*Collected data entries*.

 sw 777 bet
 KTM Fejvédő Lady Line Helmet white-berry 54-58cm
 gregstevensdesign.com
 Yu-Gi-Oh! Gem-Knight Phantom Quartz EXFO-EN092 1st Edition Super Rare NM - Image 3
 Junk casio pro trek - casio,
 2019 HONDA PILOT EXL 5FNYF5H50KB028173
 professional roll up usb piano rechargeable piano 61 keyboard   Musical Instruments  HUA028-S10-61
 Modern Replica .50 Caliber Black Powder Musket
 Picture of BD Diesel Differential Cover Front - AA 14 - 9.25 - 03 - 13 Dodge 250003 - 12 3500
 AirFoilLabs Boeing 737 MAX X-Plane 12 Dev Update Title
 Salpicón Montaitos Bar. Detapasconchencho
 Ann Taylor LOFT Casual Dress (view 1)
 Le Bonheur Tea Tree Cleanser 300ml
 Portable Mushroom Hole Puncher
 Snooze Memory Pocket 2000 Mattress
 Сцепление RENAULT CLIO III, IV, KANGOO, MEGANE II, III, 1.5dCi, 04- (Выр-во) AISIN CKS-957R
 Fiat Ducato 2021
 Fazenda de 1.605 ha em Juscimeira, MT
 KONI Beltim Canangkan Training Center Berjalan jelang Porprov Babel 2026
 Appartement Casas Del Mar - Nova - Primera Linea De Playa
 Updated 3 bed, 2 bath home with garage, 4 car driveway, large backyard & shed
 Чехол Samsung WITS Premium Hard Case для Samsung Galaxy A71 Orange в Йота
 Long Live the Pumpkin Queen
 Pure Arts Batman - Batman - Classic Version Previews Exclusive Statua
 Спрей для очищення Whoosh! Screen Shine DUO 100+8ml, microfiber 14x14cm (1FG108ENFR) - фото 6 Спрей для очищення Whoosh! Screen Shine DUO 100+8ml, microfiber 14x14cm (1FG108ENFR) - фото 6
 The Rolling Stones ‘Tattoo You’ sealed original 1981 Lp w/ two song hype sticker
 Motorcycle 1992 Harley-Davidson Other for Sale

*Exercise requirements*.
Starting with the first line of the entries, transcribe every line up to and including the one with "Pure Arts Batman".

*Response to this task*.
 sw 777 bet
 KTM Fejvédő Lady Line Helmet white-berry 54-58cm
 gregstevensdesign.com
 Yu-Gi-Oh! Gem-Knight Phantom Quartz EXFO-EN092 1st Edition Super Rare NM - Image 3
 Junk casio pro trek - casio,
 2019 HONDA PILOT EXL 5FNYF5H50KB028173
 professional roll up usb piano rechargeable piano 61 keyboard   Musical Instruments  HUA028-S10-61
 Modern Replica .50 Caliber Black Powder Musket
 Picture of BD Diesel Differential Cover Front - AA 14 - 9.25 - 03 - 13 Dodge 250003 - 12 3500
 AirFoilLabs Boeing 737 MAX X-Plane 12 Dev Update Title
 Salpicón Montaitos Bar. Detapasconchencho
 Ann Taylor LOFT Casual Dress (view 1)
 Le Bonheur Tea Tree Cleanser 300ml
 Portable Mushroom Hole Puncher
 Snooze Memory Pocket 2000 Mattress
 Сцепление RENAULT CLIO III, IV, KANGOO, MEGANE II, III, 1.5dCi, 04- (Выр-во) AISIN CKS-957R
 Fiat Ducato 2021
 Fazenda de 1.605 ha em Juscimeira, MT
 KONI Beltim Canangkan Training Center Berjalan jelang Porprov Babel 2026
 Appartement Casas Del Mar - Nova - Primera Linea De Playa
 Updated 3 bed, 2 bath home with garage, 4 car driveway, large backyard & shed
 Чехол Samsung WITS Premium Hard Case для Samsung Galaxy A71 Orange в Йота
 Long Live the Pumpkin Queen
 Pure Arts Batman - Batman - Classic Version Previews Exclusive Statua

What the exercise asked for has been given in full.